La stratégie allait s’avérer
particulièrement efficace. Les Banû
Nadîr, assiégés et sans ressources, imaginèrent que les musulmans s’en
prenaient aux biens les plus précieux de leur cité, et qu’il ne leur resterait
plus aucune richesse s’ils persévéraient dans leur résistance. Ils se rendirent
donc en essayant de négocier les termes de leur exil. Le Prophète (PSL) leur avait proposé, avant le siège, de partir avec l’ensemble
de leurs richesses, mais les Banû Nadîr
avaient refusé. Ils étaient désormais en position de faiblesse. Selon la menace du Prophète (PSL) ils
devaient être exécutés. Il n’était plus question de leur laisser leurs biens
et, passant outre à sa menace d’exécution, le
Prophète Muhammad (PSL) exigea qu’ils quittent les lieux en n’emportant que
leurs femmes et leurs enfants. Le chef des Banû
Nadîr, Huyay, tenta néanmoins de
négocier, et le Prophète (PSL) lui
concéda qu’ils pouvaient désormais partir avec tout ce que leurs chameaux
pouvaient porter de matériels et de biens (Ibn Hishâm, op. cit., vol. 4, p. 145)
Non seulement il ne mit
pas sa menace à exécution et leur laissa
la vie sauve, mais il leur permit de s’en aller avec une quantité
impressionnante de richesses. Le Prophète
Muhammad (PSL) n’avait de cesse d’être généreux et clément après les
batailles, malgré les trahisons et le manque de reconnaissance de ses ennemis.

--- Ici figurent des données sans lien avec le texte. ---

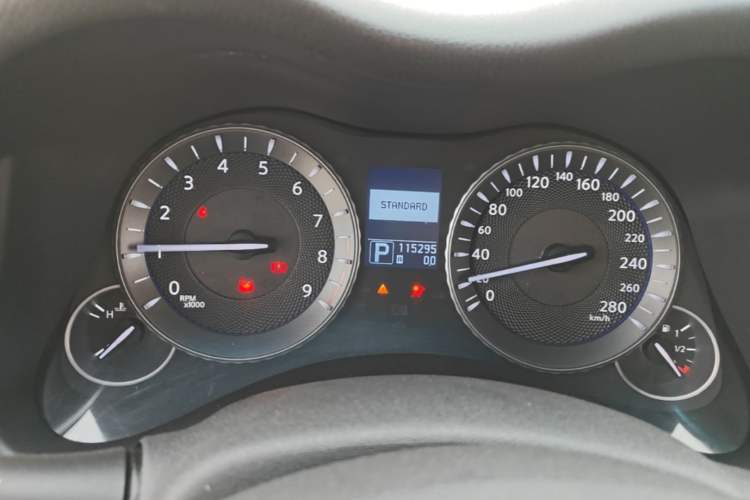 Used Infiniti Q70 2013 Q70L 2.5L Elegance Edition Instrument Cluster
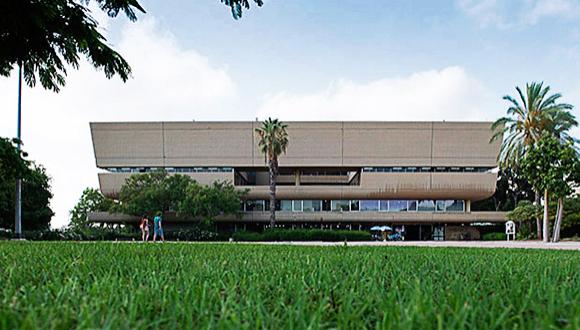 בניין הספרייה המרכזית ע"ש סוראסקי, תכנון נדלר ושות', 1968 צילום: יורם רשף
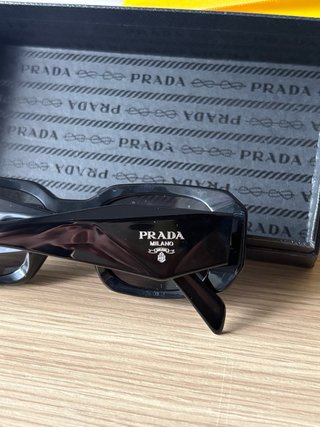Occhiali da sole Prada neri unisex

Il avait retrouvé certains captifs qu’il avait graciés après Badr parmi ses ennemis les plus
farouches à Uhud. Cette fois encore,
il allait retrouver certains chefs et autres membres de Banû Nadîr, partis se réfugier à Khaybar, parmi les Coalisés
(Al-Ahzâb) qui allaient se liguer contre lui quelques mois plus tard.
Certes la situation des
musulmans se stabilisait mais les dangers demeuraient importants et multiples.
A la suite de la bataille
d’Uhud, Abû Sufyän avait donné rendez-vous au Prophète Muhammad (PSL) et à ‘Umar
l’année suivante à Badr. Le Prophète Muhammad (PSL) avait relevé le
défi. Il ne voulait pas manquer à sa parole et se rendit donc à Badr avec une armée de mille cinq cent hommes. Abû Sufyân, de son côté, se mit en
marche avec deux mille combattants,
mais s’arrêta en route avant de rebrousser chemin. Les musulmans restèrent huit
jours sur place en attendant les Quraysh
qui n’apparurent point.
Le Prophète Muhammad (PSL) et les compagnons avaient tenu parole.
Cette manifestation de fidélité à la promesse données, et de confiance face au
défi, les rassurait en même qu’elle renforçait leur prestige.